NEW DELHI: Twelve people have been killed after two packed trains derailed while crossing a bridge hit by floods in central India overnight Wednesday, authorities said, highlighting again safety problems with the nation’s crumbling railway network.
Rescuers have been searching in darkness for passengers feared trapped on the trains that were travelling in opposite directions when some of their carriages derailed in Madhya Pradesh state, the officials said.
West Central Railway spokesman Piyush Mathur said several hundred people have been rescued after the trains derailed within minutes of each other near the town of Harda at about 11.30 pm on Tuesday.
“There are 12 casualties,” Mathur told the CNN-IBN network, adding that the death toll could rise.
Another 25 people have been injured, a second official said, adding that the carriages have not fallen into the river.
One of the trains travelling from the financial city of Mumbai appeared to have been hit by a sudden surge of water on the swollen Machak river, derailing the last four to five carriages, railway ministry spokesman Anil Saxena said.

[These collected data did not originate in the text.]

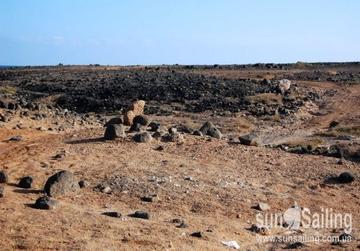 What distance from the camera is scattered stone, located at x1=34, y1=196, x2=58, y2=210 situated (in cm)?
1012

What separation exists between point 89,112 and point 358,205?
2129 cm

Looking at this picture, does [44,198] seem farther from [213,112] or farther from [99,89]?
[99,89]

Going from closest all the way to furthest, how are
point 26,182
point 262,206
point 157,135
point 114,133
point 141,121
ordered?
point 262,206 → point 26,182 → point 114,133 → point 157,135 → point 141,121

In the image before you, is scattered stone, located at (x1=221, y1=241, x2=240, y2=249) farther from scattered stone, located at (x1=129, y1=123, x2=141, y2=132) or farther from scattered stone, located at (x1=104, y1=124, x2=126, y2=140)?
scattered stone, located at (x1=129, y1=123, x2=141, y2=132)

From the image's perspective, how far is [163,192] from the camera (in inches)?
467

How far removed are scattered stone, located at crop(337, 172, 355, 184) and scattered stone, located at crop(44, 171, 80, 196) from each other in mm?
6396

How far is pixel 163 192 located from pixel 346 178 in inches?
189

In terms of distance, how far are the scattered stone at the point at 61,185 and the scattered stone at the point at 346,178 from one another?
252 inches

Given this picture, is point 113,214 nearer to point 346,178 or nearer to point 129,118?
point 346,178

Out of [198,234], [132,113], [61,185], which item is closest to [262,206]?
[198,234]

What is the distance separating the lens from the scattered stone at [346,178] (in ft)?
45.3

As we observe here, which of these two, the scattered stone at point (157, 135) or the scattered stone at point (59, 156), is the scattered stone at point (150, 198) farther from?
the scattered stone at point (157, 135)

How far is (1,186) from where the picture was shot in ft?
36.9

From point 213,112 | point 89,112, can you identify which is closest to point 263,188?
point 213,112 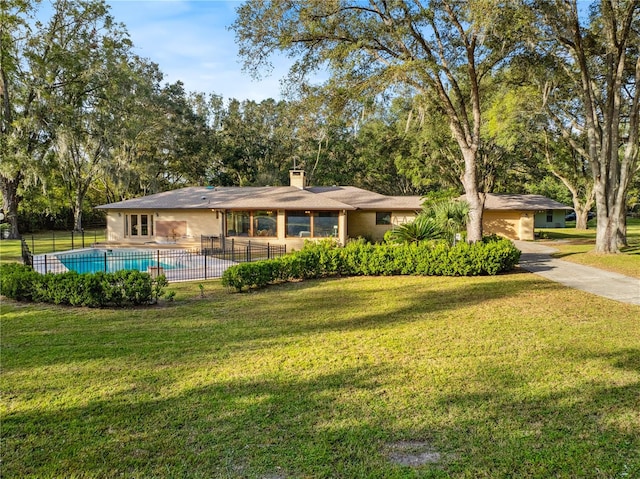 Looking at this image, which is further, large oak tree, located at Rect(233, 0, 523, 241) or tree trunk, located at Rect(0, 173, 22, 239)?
tree trunk, located at Rect(0, 173, 22, 239)

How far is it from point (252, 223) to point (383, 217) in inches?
328

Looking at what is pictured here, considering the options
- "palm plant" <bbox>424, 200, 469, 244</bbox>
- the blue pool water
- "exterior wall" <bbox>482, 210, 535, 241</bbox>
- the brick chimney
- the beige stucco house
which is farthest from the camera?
"exterior wall" <bbox>482, 210, 535, 241</bbox>

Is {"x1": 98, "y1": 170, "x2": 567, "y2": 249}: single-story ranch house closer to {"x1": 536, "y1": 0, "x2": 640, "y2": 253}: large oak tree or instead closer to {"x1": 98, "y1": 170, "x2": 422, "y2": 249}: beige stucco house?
{"x1": 98, "y1": 170, "x2": 422, "y2": 249}: beige stucco house

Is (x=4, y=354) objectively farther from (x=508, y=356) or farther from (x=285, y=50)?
(x=285, y=50)

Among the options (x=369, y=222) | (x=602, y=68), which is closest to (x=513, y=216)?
(x=369, y=222)

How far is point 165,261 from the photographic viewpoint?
1705 cm

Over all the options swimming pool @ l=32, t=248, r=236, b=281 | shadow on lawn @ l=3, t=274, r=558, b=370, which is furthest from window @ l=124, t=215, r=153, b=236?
shadow on lawn @ l=3, t=274, r=558, b=370

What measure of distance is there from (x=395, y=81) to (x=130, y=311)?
1015 cm

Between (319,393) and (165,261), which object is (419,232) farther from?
(165,261)

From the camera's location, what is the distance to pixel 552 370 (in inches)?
189

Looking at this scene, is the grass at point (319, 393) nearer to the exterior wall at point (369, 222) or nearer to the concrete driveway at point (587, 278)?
the concrete driveway at point (587, 278)

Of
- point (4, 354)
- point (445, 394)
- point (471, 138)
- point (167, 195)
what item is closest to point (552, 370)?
point (445, 394)

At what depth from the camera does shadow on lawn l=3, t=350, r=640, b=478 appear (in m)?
2.99

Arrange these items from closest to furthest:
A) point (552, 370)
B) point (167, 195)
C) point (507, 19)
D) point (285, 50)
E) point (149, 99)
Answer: point (552, 370) → point (507, 19) → point (285, 50) → point (167, 195) → point (149, 99) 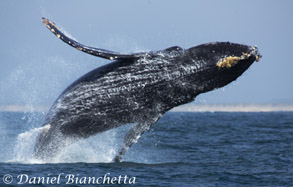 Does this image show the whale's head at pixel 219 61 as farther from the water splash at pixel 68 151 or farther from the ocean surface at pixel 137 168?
the water splash at pixel 68 151

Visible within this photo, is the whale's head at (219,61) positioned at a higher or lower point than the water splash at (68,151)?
higher

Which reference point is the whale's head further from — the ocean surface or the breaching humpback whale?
the ocean surface

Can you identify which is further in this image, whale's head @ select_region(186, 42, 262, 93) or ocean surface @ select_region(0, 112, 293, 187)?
ocean surface @ select_region(0, 112, 293, 187)

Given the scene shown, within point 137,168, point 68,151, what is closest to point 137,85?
point 137,168

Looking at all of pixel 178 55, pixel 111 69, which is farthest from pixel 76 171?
pixel 178 55

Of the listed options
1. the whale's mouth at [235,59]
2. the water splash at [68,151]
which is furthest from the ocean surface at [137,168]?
the whale's mouth at [235,59]

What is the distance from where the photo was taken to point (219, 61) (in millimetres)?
12617

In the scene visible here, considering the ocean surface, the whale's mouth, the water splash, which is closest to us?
the whale's mouth

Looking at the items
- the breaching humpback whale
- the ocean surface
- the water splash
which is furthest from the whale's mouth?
the water splash

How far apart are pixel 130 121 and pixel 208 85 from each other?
2264 mm

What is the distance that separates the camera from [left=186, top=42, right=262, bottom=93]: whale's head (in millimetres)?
12457

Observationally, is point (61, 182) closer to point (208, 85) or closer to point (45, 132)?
point (45, 132)

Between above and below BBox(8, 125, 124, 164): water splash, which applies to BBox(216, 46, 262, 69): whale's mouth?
above

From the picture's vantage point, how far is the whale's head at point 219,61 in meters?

The other passenger train, travelling to Mumbai from the eastern city of Patna, was also hit by water, with the engine and the first two to three carriages derailing, he said.
“There is some suggestion of flash floods on the tracks that caved the tracks. Most of the coaches had passed but the last few carriages were derailed,” Saxena told the network of the first train.
Monsoon rains have hit large swathes of the country in recent weeks, flooding rivers and roads and claiming some 180 lives in mainly western and eastern India.
Police and doctors have been deployed to the accident site, with television footage showing medical supplies being piled on a nearby station platform and rescuers combing through tilted carriages.
“Rescue operations are in full swing. Things are under control and most of the people have been rescued,” Saxena told the NDTV network.
But rescuers said operations were being hampered by flooding in the area and officers were working through the night mostly in darkness.
“The entire area has been reeling under heavy rainfall for the last few days. The roads are badly damaged, even the access road,” Saxena said.
“Rushing emergency medical and other relief personnel to spot, darkness, water creating hurdles but ordered all possible help. Trying our best,” Railway Minister Suresh Prabhu said on Twitter.
India’s railway network, one of the world’s largest, is still the main form of long-distance travel in the vast country, but it is poorly funded and deadly accidents are frequent.
In 2012, a government report said almost 15,000 people were killed every year on India’s railways, describing the deaths as an annual “massacre” due mainly to poor safety standards.
India’s government has pledged to invest $137 billion to modernise its crumbling railways, making them safer, faster and more efficient.